Secret objects can be generated by adding a secretGenerator entry to the kustomization.yaml file. This is similar to the configMapGenerator. Secret Resources may be generated from files and literals. It is important to note that the secrets are base64 encoded.

Create Secret from a file

To generate a Secret Resource from a file, add an entry to secretGenerator with the filename.

The Secret will have data values populated from the file contents. The contents of each file will appear as a single data item in the Secret keyed by the filename.

The following example generates a Secret with a data item containing the contents of a file.

  1. Create a Kustomization file.
yaml
# kustomization.yaml
apiVersion: kustomize.config.k8s.io/v1beta1
kind: Kustomization
secretGenerator:
- name: db-user-pass
  files:
  - credentials.txt
  1. Create a credentials.txt file.
yaml
# credentials.txt
username=admin
password=S!B\*d$zDsb=
  1. Create the Secret using kustomize build.
bash
kustomize build .

The Secret manifest is generated.

yaml
apiVersion: v1
kind: Secret
type: Opaque
metadata:
  name: db-user-pass-gf9bgh225c
data:
  credentials.txt: dXNlcm5hbWU9YWRtaW4KcGFzc3dvcmQ9UyFCXCpkJHpEc2I9Cg==

The credentials key value is base64 encoded.

bash
echo "dXNlcm5hbWU9YWRtaW4KcGFzc3dvcmQ9UyFCXCpkJHpEc2I9Cg==" | base64 -d
username=admin
password=S!B\*d$zDsb=

Create Secret from literals

To generate a Secret Resource from literal key-value pairs, add an entry to secretGenerator with a list of literals.

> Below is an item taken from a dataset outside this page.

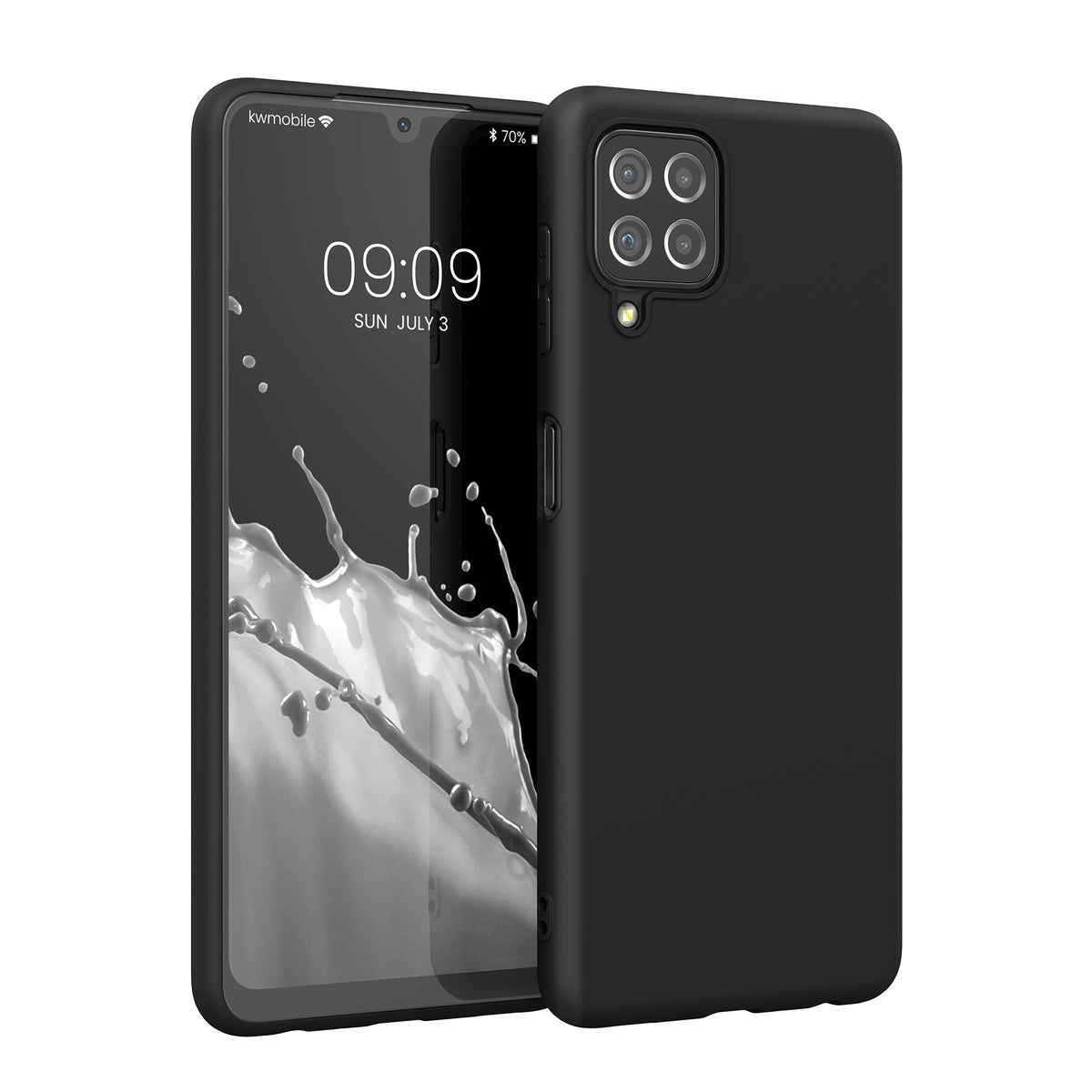 kwmobile Handyhülle für Samsung Galaxy A22 4G - Kabelloses Laden - Schutzhülle Cover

{{< alert color="success" title="Literal Syntax" >}}

  • The key/value are separated by a = sign (left side is the key).
  • The value of each literal will appear as a data item in the Secret keyed by its key. {{< /alert >}}

The following example generates a Secret with two data items generated from literals.

  1. Create a Kustomization file.
yaml
# kustomization.yaml
apiVersion: kustomize.config.k8s.io/v1beta1
kind: Kustomization
secretGenerator:
- name: db-user-pass
  literals:
    - username=admin
    - password=S!B\*d$zDsb=
  1. Create the Secret using kustomize build.
bash
kustomize build .

The Secret manifest is generated.

yaml
apiVersion: v1
kind: Secret
type: Opaque
metadata:
  name: db-user-pass-t8d2d65755
data:
  password: UyFCXCpkJHpEc2I9
  username: YWRtaW4=

The credential key values are base64 encoded.

bash
echo "UyFCXCpkJHpEc2I9" | base64 -d
S!B\*d$zDsb=

echo "YWRtaW4=" | base64 -d
admin

Create a TLS Secret

The following example generates a TLS Secret with certificate and private key data files.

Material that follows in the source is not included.